Monday, Apr. 14, 1947
A Doctor for India
A minor upheaval in the Foreign Service--the result of George Marshall's determination to weed out the aged, the sick and the weary--sent half a dozen more State Department careerists careering off to new ambassadorial posts last week. The most noteworthy appointment was the Ambassador to the new embassy in the chrysaloid nation of India: 65-year-old Henry F. Grady of San Francisco, rotund president of the American President Lines.
Grady is no newcomer to Government service. A native San Franciscan, he started out as an educator and gravitated between lecture room and trade commissions. He helped write the reciprocal trade program and served as Assistant Secretary of State under Cordell Hull.
Grady was plucked from State to head the gigantic President Lines. Along San Francisco's waterfront he managed to avoid the enmity of Harry Bridges--no mean job. In Nob Hill's staid Pacific Union Club, he managed to get along with fellow members despite his known New Dealism and liberal views.
State borrowed him to serve on the Allied mission which observed the 1946 Greek elections. Now State was finding use for him again.

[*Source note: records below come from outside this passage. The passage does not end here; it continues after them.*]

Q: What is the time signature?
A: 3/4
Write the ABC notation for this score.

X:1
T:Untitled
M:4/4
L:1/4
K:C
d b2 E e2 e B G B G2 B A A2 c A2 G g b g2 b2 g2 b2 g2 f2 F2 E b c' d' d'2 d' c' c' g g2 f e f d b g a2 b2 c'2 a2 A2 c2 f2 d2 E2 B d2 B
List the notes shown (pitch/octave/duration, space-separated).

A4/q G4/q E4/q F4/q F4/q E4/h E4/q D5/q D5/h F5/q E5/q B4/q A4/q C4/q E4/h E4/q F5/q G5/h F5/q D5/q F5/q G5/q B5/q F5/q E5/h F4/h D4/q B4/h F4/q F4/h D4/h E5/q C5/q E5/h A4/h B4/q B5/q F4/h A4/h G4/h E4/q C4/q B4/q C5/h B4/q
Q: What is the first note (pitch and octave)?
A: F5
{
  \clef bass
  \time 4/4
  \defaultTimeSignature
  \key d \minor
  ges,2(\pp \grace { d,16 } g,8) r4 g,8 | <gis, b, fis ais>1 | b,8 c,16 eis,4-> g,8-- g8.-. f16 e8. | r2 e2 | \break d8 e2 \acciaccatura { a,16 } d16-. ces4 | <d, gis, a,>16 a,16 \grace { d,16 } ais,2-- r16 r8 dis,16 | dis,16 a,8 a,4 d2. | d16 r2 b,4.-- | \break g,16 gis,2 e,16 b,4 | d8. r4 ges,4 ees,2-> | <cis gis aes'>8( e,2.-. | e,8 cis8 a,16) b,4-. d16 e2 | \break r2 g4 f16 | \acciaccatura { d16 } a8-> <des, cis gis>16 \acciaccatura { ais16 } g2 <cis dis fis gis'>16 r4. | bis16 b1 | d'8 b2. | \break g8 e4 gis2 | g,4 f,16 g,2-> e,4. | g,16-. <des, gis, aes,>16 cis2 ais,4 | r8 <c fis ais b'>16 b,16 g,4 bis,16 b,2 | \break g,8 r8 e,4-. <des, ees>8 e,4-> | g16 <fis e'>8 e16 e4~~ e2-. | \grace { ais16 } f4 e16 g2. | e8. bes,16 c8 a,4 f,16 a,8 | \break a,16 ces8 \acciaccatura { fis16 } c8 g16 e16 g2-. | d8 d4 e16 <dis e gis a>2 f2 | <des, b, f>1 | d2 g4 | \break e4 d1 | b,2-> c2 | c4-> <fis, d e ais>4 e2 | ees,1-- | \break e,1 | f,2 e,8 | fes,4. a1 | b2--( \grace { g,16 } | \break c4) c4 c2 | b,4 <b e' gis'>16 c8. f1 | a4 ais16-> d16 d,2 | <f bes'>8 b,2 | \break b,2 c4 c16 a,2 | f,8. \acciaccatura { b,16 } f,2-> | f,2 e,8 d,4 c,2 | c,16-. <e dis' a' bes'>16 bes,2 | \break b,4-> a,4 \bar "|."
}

India is not new to him. He was there in 1942 on a technical mission to drum up India's war production. Grady's views, which poverty-stricken India would find worth studying: "With a population of 400 million people India can raise the standard of living of her people only through production, particularly industrial production." Grady, called "Doctor" by some who remember his educator days, is earnestly certain that the greatest service U.S. industry can render world peace is to supply the technical knowledge which will help cure the world's economic ills.